## To do
Which lines of the entries below run from the one holding "Sewing project planner" to the one holding "Barbell silver Hanger with crystals silver", inclusive? Set down exactly those lines and no others.

BEGIN

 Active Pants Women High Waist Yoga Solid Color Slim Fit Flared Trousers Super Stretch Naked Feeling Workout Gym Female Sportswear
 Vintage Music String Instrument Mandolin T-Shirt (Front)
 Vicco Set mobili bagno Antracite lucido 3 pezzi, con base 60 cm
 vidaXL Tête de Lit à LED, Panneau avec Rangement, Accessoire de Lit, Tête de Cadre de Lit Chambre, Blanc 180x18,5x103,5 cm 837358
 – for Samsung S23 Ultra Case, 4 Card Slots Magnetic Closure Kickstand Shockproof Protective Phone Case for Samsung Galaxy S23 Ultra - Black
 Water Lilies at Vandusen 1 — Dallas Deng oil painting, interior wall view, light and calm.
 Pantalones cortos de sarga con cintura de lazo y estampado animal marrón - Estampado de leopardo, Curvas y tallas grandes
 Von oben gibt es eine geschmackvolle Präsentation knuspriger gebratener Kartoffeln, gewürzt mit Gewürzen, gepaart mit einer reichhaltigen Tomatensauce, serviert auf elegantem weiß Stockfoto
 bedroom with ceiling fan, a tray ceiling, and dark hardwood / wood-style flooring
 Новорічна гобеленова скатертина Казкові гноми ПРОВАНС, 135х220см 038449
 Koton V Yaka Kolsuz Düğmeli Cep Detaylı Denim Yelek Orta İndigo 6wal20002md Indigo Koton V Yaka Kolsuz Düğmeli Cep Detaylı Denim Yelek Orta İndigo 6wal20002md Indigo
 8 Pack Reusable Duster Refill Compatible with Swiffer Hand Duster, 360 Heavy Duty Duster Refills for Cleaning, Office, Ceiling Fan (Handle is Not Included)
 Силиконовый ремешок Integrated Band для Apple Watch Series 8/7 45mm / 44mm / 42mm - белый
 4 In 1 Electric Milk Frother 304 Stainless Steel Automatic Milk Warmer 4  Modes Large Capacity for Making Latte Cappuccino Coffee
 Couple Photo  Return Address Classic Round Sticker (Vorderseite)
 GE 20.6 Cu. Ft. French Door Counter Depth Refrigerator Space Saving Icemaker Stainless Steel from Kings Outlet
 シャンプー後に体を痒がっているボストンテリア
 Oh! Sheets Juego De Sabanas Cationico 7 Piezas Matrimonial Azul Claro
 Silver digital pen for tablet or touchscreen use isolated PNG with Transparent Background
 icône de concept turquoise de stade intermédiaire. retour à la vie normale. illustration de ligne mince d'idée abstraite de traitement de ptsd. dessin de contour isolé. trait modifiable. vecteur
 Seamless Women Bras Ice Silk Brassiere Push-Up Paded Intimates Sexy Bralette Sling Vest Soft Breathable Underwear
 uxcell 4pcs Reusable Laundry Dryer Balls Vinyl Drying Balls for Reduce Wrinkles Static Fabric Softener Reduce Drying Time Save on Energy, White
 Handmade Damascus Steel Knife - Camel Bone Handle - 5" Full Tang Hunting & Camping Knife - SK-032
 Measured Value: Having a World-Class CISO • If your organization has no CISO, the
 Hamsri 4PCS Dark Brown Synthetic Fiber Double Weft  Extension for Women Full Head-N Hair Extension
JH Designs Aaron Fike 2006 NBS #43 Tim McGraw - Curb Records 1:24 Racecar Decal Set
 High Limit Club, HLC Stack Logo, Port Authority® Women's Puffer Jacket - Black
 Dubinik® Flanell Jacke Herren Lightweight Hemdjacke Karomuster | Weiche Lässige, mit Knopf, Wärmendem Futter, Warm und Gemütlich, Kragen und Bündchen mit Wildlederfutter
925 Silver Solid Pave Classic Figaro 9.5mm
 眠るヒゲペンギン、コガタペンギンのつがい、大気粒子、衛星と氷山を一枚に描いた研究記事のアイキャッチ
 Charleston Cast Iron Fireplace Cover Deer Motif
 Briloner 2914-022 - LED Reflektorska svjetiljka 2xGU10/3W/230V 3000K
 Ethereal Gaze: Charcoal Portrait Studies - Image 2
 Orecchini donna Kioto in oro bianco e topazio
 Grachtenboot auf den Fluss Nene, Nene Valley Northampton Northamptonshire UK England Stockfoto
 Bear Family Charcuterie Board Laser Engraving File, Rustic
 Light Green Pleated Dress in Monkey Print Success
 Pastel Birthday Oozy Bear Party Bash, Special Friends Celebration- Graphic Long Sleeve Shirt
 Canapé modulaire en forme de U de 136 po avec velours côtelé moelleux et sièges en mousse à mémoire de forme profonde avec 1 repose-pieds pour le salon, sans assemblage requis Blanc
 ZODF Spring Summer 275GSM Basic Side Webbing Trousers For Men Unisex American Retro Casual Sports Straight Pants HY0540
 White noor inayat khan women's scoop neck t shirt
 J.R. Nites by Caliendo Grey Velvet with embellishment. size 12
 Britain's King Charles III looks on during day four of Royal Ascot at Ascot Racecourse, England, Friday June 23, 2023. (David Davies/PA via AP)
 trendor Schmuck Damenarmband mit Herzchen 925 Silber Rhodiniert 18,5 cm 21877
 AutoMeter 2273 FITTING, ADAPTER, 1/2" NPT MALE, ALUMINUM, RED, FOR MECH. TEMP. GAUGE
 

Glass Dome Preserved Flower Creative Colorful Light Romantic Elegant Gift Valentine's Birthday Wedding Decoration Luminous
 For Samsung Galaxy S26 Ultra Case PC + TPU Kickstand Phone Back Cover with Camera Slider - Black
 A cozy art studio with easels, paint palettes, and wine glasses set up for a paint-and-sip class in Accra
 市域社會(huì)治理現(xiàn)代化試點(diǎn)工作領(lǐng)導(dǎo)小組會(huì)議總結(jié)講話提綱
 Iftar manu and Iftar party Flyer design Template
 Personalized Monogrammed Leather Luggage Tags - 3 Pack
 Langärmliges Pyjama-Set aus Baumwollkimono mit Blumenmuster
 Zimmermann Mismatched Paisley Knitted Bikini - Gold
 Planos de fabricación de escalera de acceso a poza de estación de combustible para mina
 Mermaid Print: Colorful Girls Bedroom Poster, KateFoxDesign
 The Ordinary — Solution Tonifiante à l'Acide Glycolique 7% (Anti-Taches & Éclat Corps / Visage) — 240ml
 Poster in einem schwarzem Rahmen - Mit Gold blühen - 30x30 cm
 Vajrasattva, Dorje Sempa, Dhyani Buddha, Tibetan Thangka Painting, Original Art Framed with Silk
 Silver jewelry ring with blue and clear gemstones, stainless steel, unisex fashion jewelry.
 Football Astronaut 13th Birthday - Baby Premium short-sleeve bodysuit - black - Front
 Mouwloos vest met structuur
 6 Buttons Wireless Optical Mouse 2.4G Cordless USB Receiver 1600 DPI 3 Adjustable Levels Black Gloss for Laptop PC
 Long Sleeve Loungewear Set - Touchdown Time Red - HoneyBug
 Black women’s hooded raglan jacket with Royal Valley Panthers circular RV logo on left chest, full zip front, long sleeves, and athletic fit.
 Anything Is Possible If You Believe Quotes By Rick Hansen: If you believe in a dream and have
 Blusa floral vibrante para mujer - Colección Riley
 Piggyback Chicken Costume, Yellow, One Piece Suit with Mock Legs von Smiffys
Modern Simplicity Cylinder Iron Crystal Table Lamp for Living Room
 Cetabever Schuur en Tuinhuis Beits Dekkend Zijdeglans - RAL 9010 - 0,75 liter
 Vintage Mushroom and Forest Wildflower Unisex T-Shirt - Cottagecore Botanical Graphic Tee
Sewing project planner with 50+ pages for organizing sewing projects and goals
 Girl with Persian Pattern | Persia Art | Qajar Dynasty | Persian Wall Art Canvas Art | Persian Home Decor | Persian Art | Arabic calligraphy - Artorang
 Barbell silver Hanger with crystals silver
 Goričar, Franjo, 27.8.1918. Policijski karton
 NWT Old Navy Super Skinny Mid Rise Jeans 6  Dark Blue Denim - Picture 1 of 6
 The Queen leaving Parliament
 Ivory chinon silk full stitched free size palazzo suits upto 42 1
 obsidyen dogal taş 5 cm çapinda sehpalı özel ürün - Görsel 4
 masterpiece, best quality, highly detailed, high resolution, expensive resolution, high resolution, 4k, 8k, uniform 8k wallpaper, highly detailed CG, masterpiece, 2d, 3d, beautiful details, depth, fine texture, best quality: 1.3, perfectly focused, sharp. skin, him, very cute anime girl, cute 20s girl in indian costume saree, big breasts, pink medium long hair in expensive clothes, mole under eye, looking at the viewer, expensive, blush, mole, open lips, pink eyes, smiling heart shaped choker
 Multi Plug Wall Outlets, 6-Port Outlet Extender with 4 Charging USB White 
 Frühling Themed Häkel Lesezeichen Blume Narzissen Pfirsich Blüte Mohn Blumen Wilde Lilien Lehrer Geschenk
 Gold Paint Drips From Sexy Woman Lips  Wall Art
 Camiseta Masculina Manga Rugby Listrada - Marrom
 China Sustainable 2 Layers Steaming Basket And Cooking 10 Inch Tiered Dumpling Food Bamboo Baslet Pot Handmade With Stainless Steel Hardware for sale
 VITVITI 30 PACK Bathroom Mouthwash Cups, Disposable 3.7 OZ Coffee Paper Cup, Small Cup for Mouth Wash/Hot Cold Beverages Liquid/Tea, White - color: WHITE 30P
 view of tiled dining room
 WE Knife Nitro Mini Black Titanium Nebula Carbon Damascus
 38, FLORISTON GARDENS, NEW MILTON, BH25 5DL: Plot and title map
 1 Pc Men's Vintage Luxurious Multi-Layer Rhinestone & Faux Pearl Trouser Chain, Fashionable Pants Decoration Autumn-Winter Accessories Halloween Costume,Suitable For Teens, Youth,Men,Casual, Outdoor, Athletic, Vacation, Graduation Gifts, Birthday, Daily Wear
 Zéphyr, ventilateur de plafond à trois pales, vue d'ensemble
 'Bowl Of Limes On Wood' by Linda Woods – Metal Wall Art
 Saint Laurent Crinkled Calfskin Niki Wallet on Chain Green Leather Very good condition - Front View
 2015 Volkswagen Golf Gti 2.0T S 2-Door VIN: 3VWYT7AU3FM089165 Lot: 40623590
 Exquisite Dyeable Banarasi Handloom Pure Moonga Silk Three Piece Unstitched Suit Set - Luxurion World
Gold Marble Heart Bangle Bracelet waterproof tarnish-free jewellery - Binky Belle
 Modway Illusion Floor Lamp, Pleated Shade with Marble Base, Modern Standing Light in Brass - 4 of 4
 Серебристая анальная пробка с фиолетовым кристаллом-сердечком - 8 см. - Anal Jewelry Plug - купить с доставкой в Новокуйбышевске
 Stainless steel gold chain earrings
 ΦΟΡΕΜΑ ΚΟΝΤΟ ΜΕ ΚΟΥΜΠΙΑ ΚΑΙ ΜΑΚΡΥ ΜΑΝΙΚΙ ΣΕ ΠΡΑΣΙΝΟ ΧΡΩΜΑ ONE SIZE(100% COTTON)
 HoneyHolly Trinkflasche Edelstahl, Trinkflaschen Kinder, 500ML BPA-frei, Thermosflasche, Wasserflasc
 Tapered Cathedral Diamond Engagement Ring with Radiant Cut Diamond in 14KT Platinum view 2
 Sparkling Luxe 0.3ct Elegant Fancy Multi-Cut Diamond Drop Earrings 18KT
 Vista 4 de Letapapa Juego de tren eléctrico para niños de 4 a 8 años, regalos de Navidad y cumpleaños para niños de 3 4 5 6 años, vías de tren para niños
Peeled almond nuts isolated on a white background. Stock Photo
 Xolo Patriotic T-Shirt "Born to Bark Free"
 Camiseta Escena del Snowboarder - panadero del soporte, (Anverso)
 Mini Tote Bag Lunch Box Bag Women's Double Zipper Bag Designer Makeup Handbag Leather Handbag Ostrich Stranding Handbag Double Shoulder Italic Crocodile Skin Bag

END

## Exercise response
Sewing project planner with 50+ pages for organizing sewing projects and goals
 Girl with Persian Pattern | Persia Art | Qajar Dynasty | Persian Wall Art Canvas Art | Persian Home Decor | Persian Art | Arabic calligraphy - Artorang
 Barbell silver Hanger with crystals silver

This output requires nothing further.